CRAIG M. JOHNSON; MARCIA L. JOHNSON; AND GALESBURG ELECTRIC INDUSTRIAL SUPPLY, INC., AN ILLINOIS CORPORATION, PLAINTIFFS,
v.
SECURITY MUTUAL LIFE INSURANCE COMPANY OF NEW YORK, A NEW YORK CORPORATION; DAVID K. FENSLER, NOT PERSONALLY, BUT AS TRUSTEE OF THE UNITED EMPLOYEE BENEFIT FUND; UNITED EMPLOYEE BENEFIT FUND, AN ILLINOIS NONPROFIT; HERBERT O. MCDOWELL III, NOT PERSONALLY, BUT AS DIRECTOR OF THE PROFESSIONAL WORKERS MASTER CONTRACT GROUP; GERALD KOENNING, PERSONALLY, AND AS DIRECTOR OF EMPLOYERS BENEFITS, INC.; LOU DELPIERRE, PERSONALLY, AND AS OWNER OF EMPLOYERS BENEFITS, INC.; AND EMPLOYERS BENEFITS, INC., AN ILLINOIS CORPORATION, DEFENDANTS.
SECURITY MUTUAL LIFE INSURANCE ) COMPANY OF NEW YORK, THIRD-PARTY PLAINTIFF,
v.
MARSHALL DAVID KATZMAN AND KOENNING INSURANCE AGENCY, INC., THIRD-PARTY DEFENDANTS.



The opinion of the court was delivered by: Joe Billy McDADE United States District Judge

ORDER & OPINION

This matter is before the Court on motions to dismiss by various Defendants and upon a motion for partial voluntary dismissal by Plaintiffs.
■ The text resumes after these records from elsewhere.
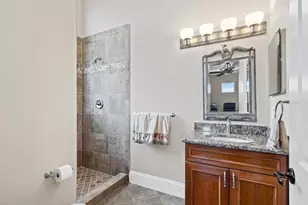 15041 Hardage St, Largo, FL 33774 - Photo 58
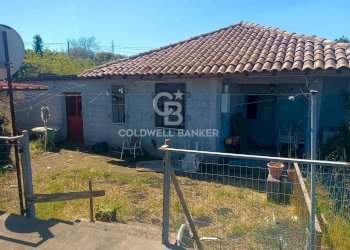 Foto 5 - Casa indipendente via cent' anni
 
21, Santa Venerina - foto 5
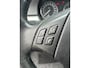 BMW 3-Serie Touring 320d Efficient Dynamics Edition Luxury Line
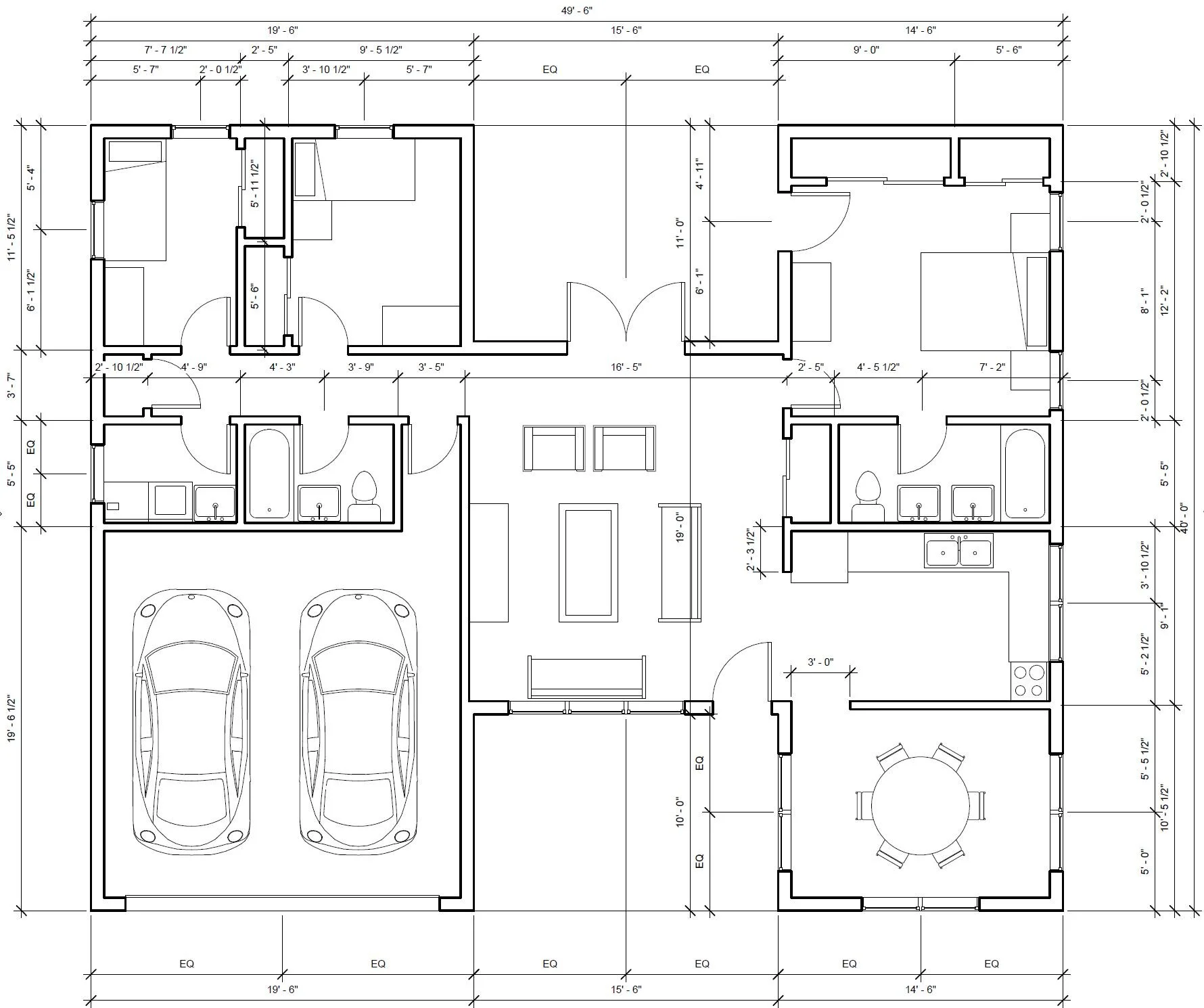 H Floor Plan.JPG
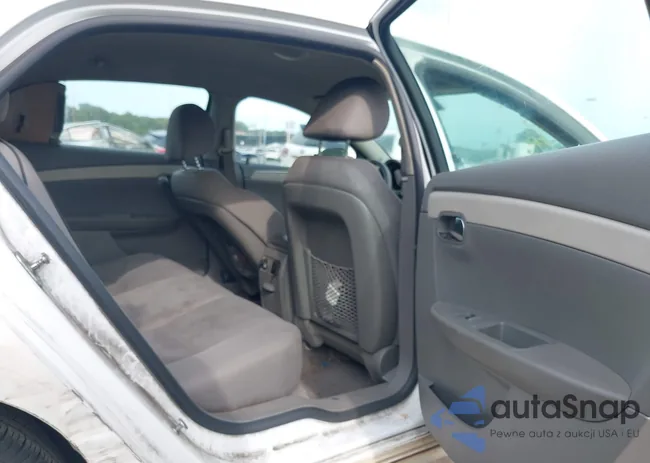 1G1ZC5E0XCF286891: 43338388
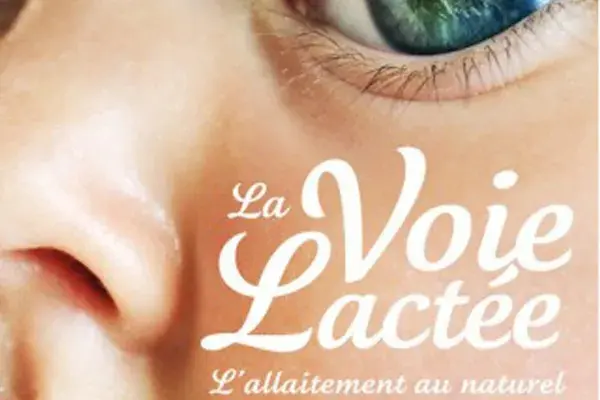 voie lactée image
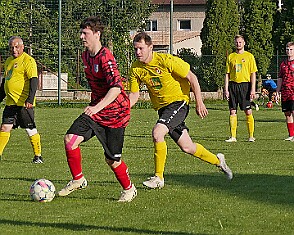 img000 OP NA Velka Jesenice - Dolany 20250511 foto Vaclav Mlejnek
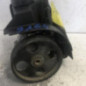 Pompe de direction PEUGEOT 206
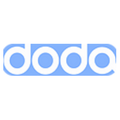 Doda Tool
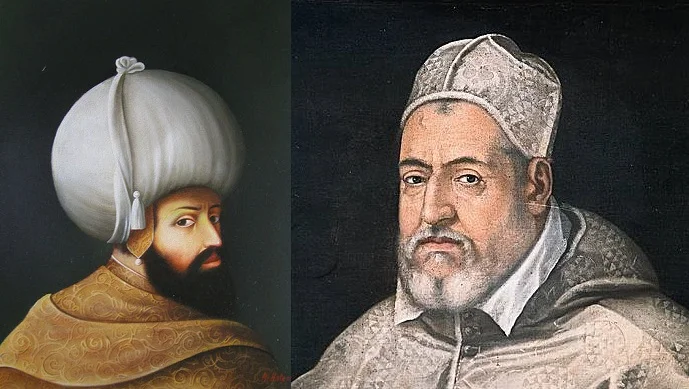 selim-I-and-clement.jpg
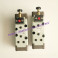 New AVENTICS pneumatic  solenoid valve R432002447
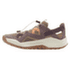 Încălțăminte Lowa KALOYA VENT Women brown rose/peach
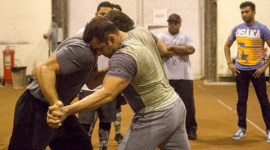 Salman Khan, Sultan, Salman Sultan, Salman Khan Sultan, Salman Khan Sultan Movie, Salman Khan Sultan film, Salman Sultan movie, Salman Sultan film, Salman Khan Sultan Shoot, Salman Khan Sultan Training, Salman Khan Wrestler Sultan, Salman Sultan Training Session, Salman Khan News, Sultan News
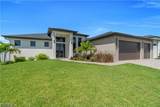 3221 3rd Terrace - Photo 4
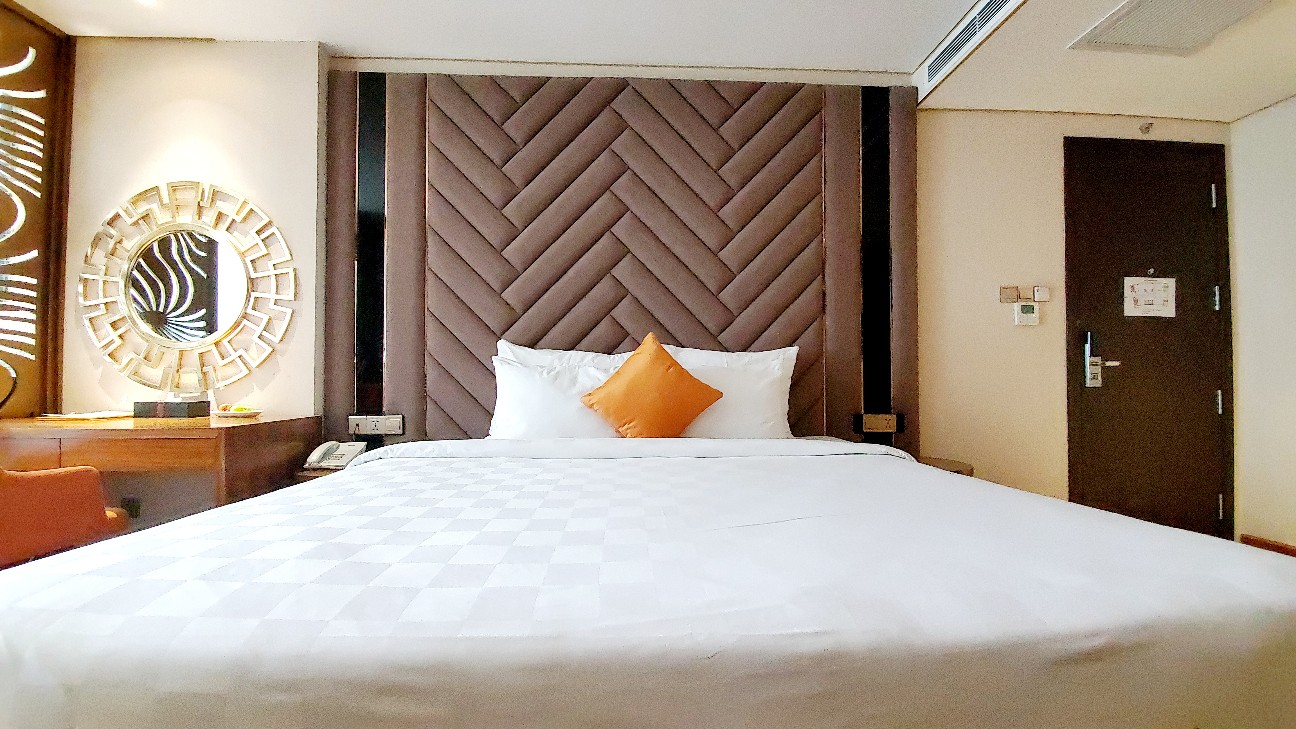 f:id:tabikibunn:20240425080032j:image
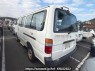 Used 2002 AT toyota hiace-wagon RZH111G Image[2]
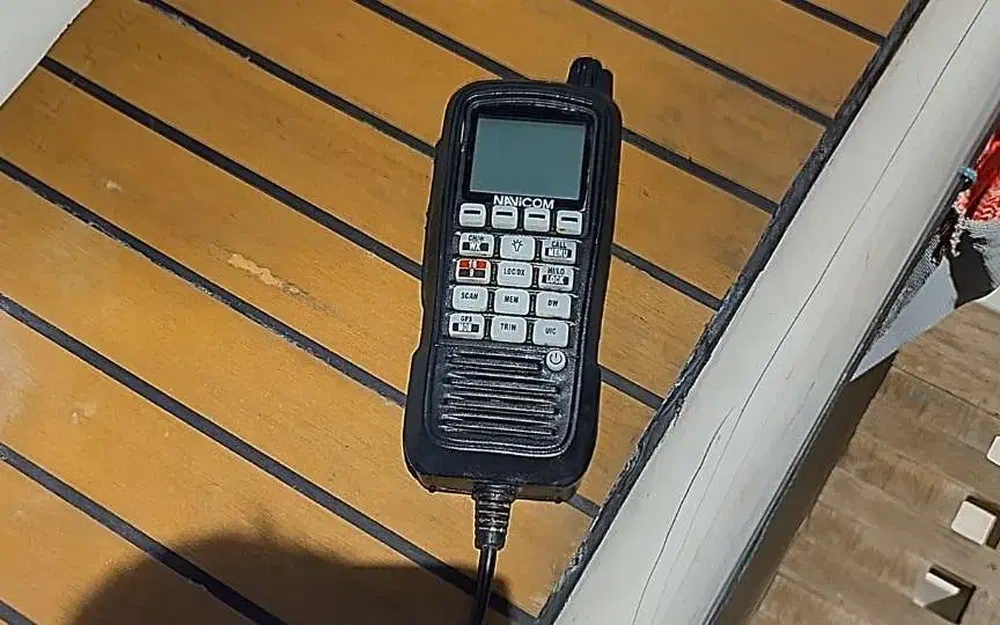 slider 22 Beneteau First 40.7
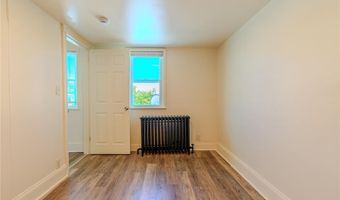 820 N 5TH St, Allentown, PA 18102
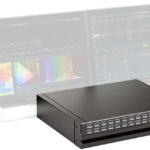 rpu-que-es-una-remote-processing-unit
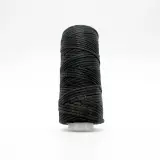 Fil Cire en Fusette 20g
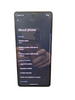 *Summer Sale* Google Pixel 7A - 128GB - Unlocked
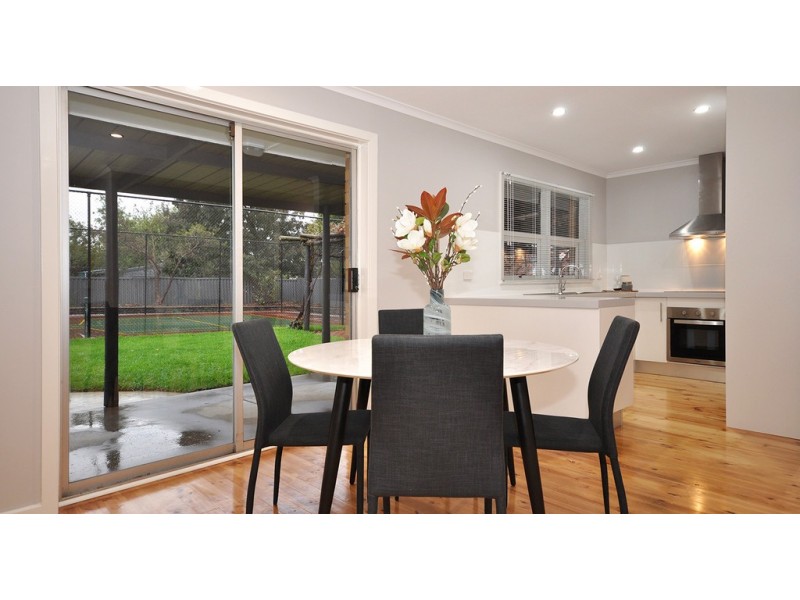 4 Marita Street, Morphett Vale SA 5162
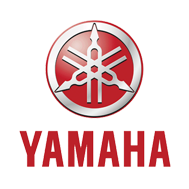 clients_Yamaha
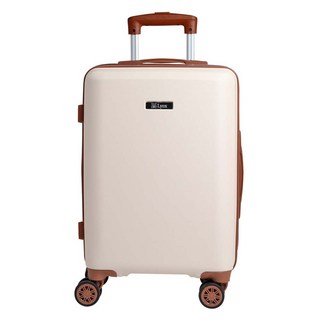 Lynx 美國山貓 901 中大型行李箱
Plaintiffs' motion to voluntarily dismiss the Amended Complaint against United Employee Benefit Fund and David K. Fensler (Doc. 72) is GRANTED. The motion to dismiss by Security Mutual Life Insurance Company of New York (Doc. 60) is GRANTED in relevant part. The motion to dismiss by Gerald Koenning, Lou Delpierre, and Employer Benefits, Inc. (Doc. 65) is GRANTED in relevant part. The remaining pending motions are moot.

BACKGROUND

The following facts are taken from Plaintiffs' Amended Complaint. Craig Johnson is the owner of Galesburg Electric/Industrial Supply, Inc., a supplier of electrical products. In 1996, Gerald Koenning and Lou Delpierre, the director and owner, respectively, of Employers Benefits, Inc., approached Johnson with the suggestion that he unionize the employees of Galesburg Electric for the purpose of providing life insurance to the employees (including himself) under an arrangement that would yield favorable tax consequences. Koenning and Delpierre apparently told Johnson that establishing a union as a vehicle through which to procure life insurance for the employees -- specifically, by way of a death benefits employee welfare plan -- would ensure that the insurance premium payments would be tax deductible.*fn1 Specifically, Koenning and Delpierre promoted a death benefits plan that, they claimed, was organized as a tax-exempt voluntary employees' benefit association (VEBA) under 26 U.S.C. § 501(c)(9). Additionally, Koenning and Delpierre either supplied to Johnson or arranged for him to receive marketing materials pertaining to the death benefits plan. These materials were produced by the "Master Contract Group" (a multi-employer association formed for purposes of collective bargaining), and the documents purportedly paralleled Koenning's and Delpierre's representations. The marketing documents represented that the plan was approved by the IRS as a tax-exempt VEBA and that employer contributions to the plan were tax deductible. (Exh. 3 to Am. Compl., at pp. 4, 6). According to the summary plan description ("SPD," which is attached to the Amended Complaint) the "Plan" is defined as the "United Employee Benefit Fund" and the Plan Administrator is listed as David K. Fensler (Exh. 2 to Am. Compl., at pp. 1, 4-5). The SPD states that the Plan Administrator is responsible for construing and interpreting the Plan, as well as day-to-day Plan administration. (Exh. 2 to Am. Compl., at p. 4).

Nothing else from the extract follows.